The Allied attitudes and beliefs which these books examine are still alive in the world, and must soon be put again to the test of peace.

The German formula for recovery and reaggression after World War I, also examined by these books, is still the German formula, as no less an authority than Joseph Goebbels made clear last week when he asked the world to believe that the Germans are decent and worthy people who mean well.

The Myth.

Author Schwarzschild left Germany in 1933, moved from Paris to New York in 1940. At root, his thesis is simple: the Old Adam is, always has been and always will be uppermost in mankind. People have not improved much in the past, they are not improving now, and only fools assume the contrary. Woodrow Wilson and all those caught with him in the perfectionist dream of the Versailles years did assume the contrary, and led the world into chaos.

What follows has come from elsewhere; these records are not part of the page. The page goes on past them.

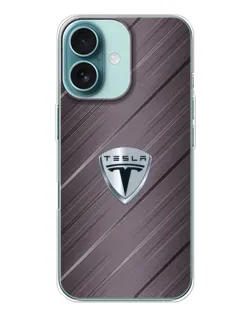 Чехол для iPhone 16 с картинкой «Металлическая текстура Tesla»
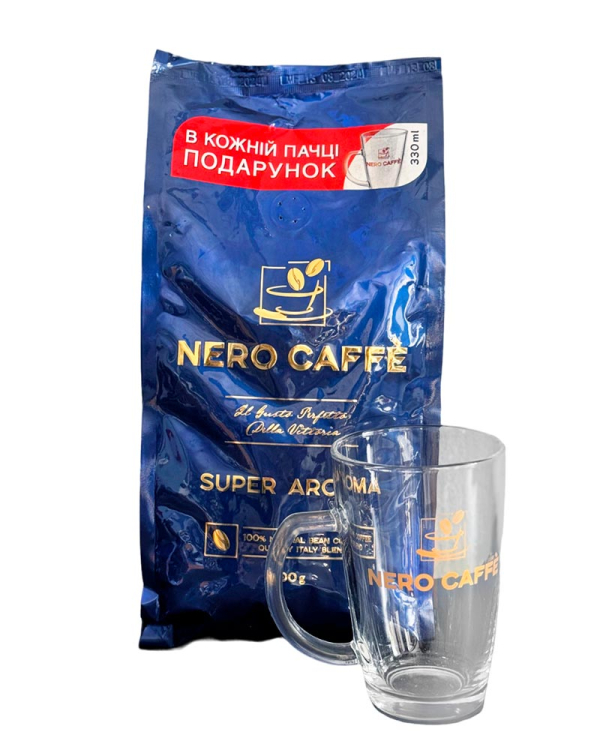 Кава в зернах Nero Caffe SUPER AROMA + Подарунок: Чашка 330 мл, 1 кг (70/30) (4820268030078) - фото №4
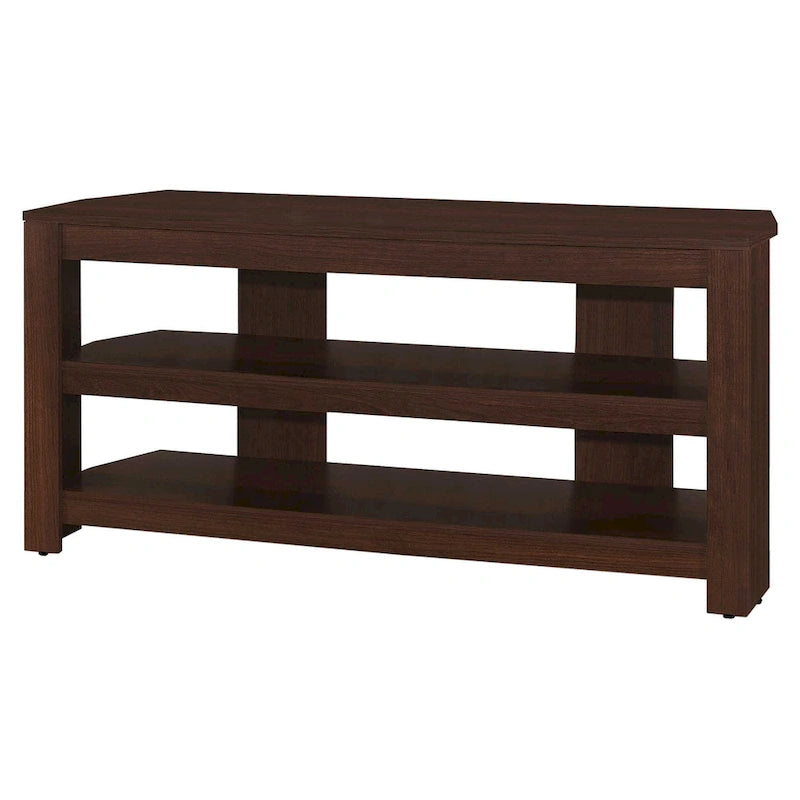Ciemnobrązowa drewniana szafka RTV o długości 42 cali z otwartymi półkami, do telewizora 55-calowego, konsola multimedialna do salonu - 19.75H x 15.5W x 42L
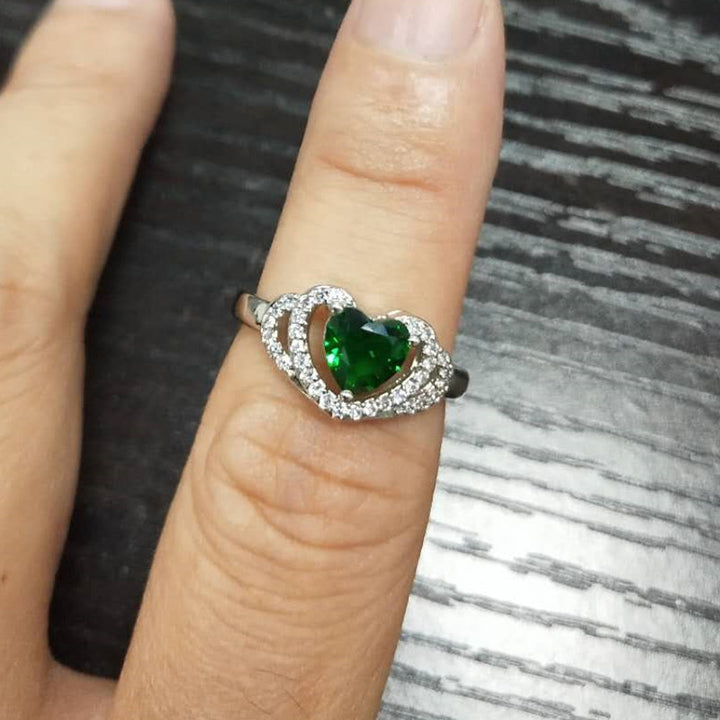 Heart-Cut Center Stone Halo Engagement Ring Sterling Silver With Pavé Accents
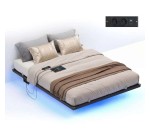 Amazon: Lit Flottant avec LED - Station de charge amovible 2 Prises + 1 Port USB - 140 x 190 cm - Noir à 67,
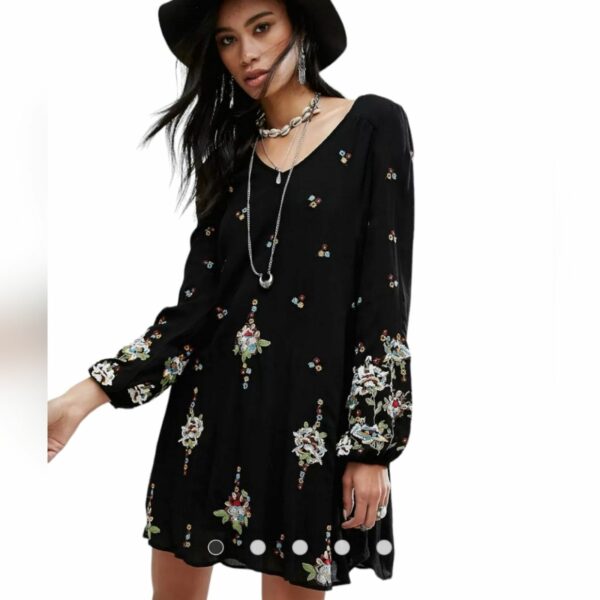 Free People Embroidered Mini Smock Dress Medium in Black, Women's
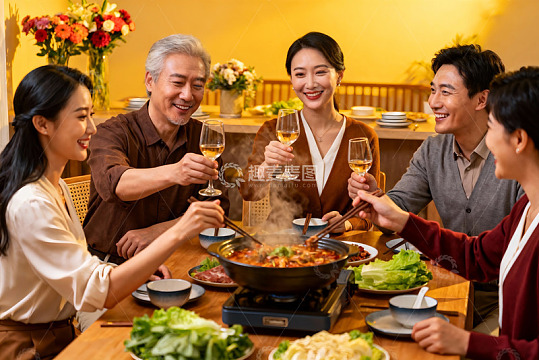 家人围坐火锅宴欢聚一堂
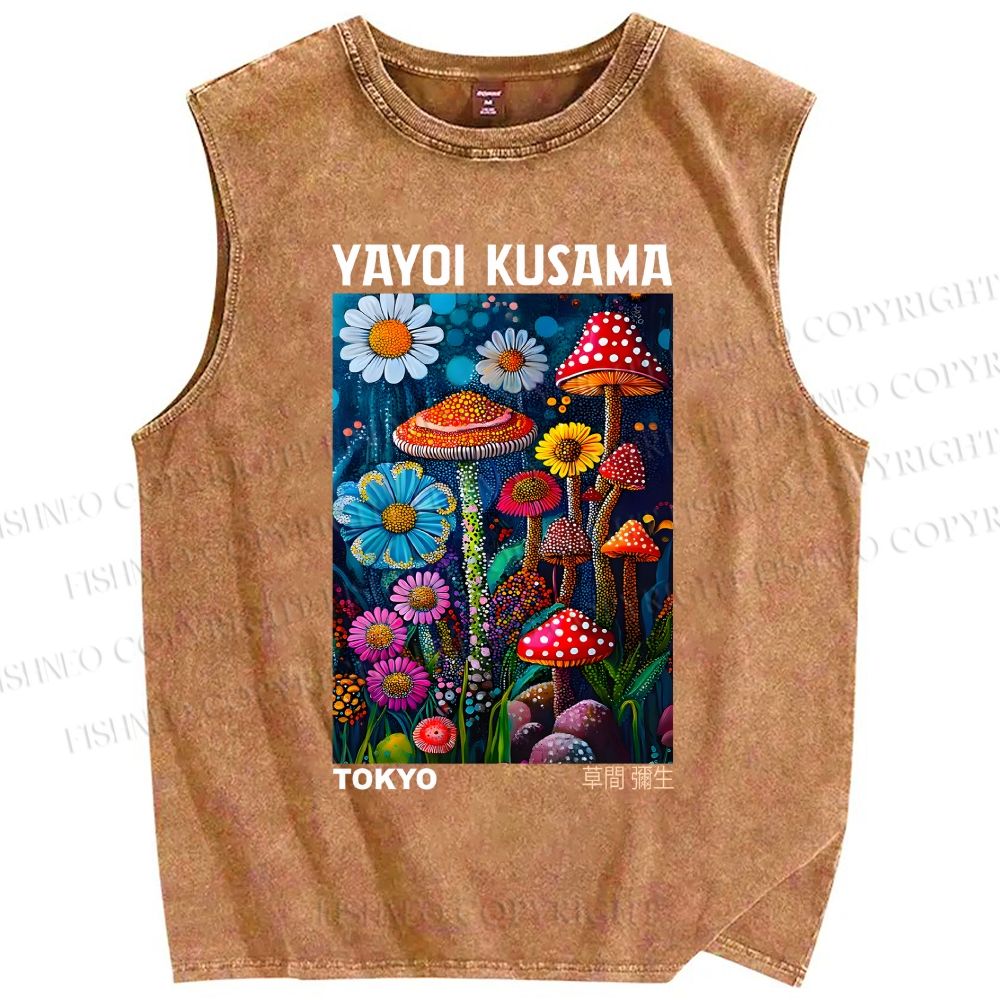 Unisex Yayoi Kusama Mushrooms Printed Washed Tank Top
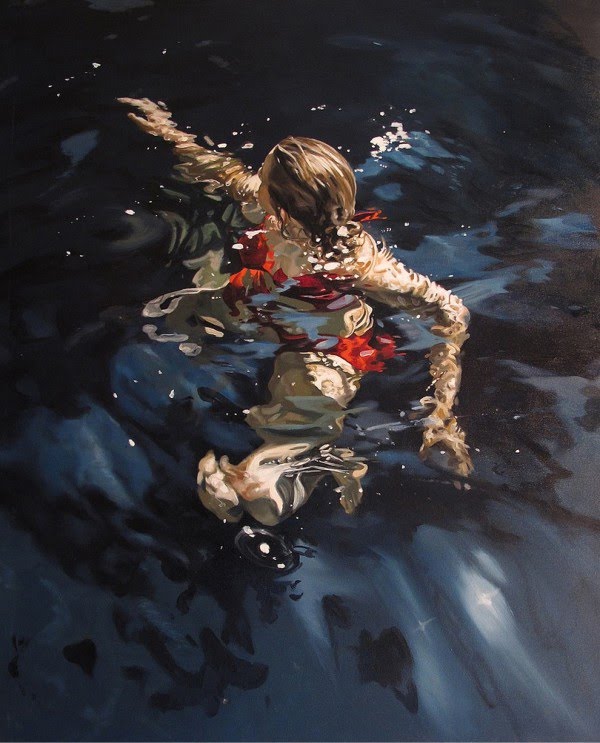 600x743 Photo Realistic Underwater Paintings By Eric Zener Art Of Day - Woman Floating In Water Painting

"Never again," says Schwarzschild, "must we succumb to the myth that power and armaments and compulsion are of themselves sinful. . . . All order, all civilization, all law and dignity, rest on the existence of weapons and power." The Illusion. Author Schwarzschild's No. 2 thesis is that Germans have more than their share of the Old Adam in them. Woodrow Wilson, believing that the postwar Germans of the new republic would be good and deserving democrats; the British, playing balance-of-power politics and encouraging a strong, pre-Hitler Germany; the assorted liberals, radicals, plain men of good will who trusted the Weimar Republic—all these, says Schwarzschild, were members of Germany's "foreign legions," and their illusion was part of the era's tragic foolery.

Of Versailles' Big Four—Wilson, Lloyd George, Vittorio Orlando, Georges Clemenceau—'only Clemenceau really impressed Schwarzschild. The old Frenchman's attitude, denounced the world over as a fatally stupid and selfish policy, was actually, says Schwarzschild, the only sensible policy. Only the Tiger understood that Germany was a jungle to be controlled for France's sake and the world's. Says Schwarzschild:

"For those who knew the German people, their longing for democracy was always extremely doubtful. ... In the field of foreign policy [Hitlerism] was only the continuation of previous German policy. . . . Even if the Officers' Corps and their hangers-on had not made an alliance with Hitler . . . Germany would have inevitably steered her course toward the restoration of her overwhelming military power and eventually toward war."

The Remedy. Schwarzschild's remedy is armed internationalism—total, indefinite occupation of Germany by U.S., British and Russian troops (600,000 would do the job, he thinks). Furthermore, Germany must be deprived of every means of making war, of preparing for war, or of teaching war. Says Schwarzschild:

"Nothing, positively nothing [must] survive which can materially or spiritually become the nucleus of a new military renaissance . . . not just for a few years, but for a minimum of 50 to 60. . . . By A.D. 2000, the last Germans who have ever led or trained troops or manufactured weapons will have died."

The Rebuttal.

H. G. Wells called Schwarzschild "superficially intelligent and massively stupid." Journalist Michael Foot, called Trance "a facile, scintillating treatise which . . . has received applause from those weary brains which prefer the dismal past to the adventurous future. . . ."

Leopold Schwarzschild's appeal to ordinary folks is about as simple as the Old Adam. To them, he sounds like a man telling them what they already know, deep down: that they aren't really as noble, great and good as their Fourth of July orators make out. And that is at least half the story.

Keep this in mind when the Code Pinkers and Obama's minions come to take away your guns just as the Arabs and other distorted Muslims are ready to conquer the world on suicide bomber or set of buildings at a time.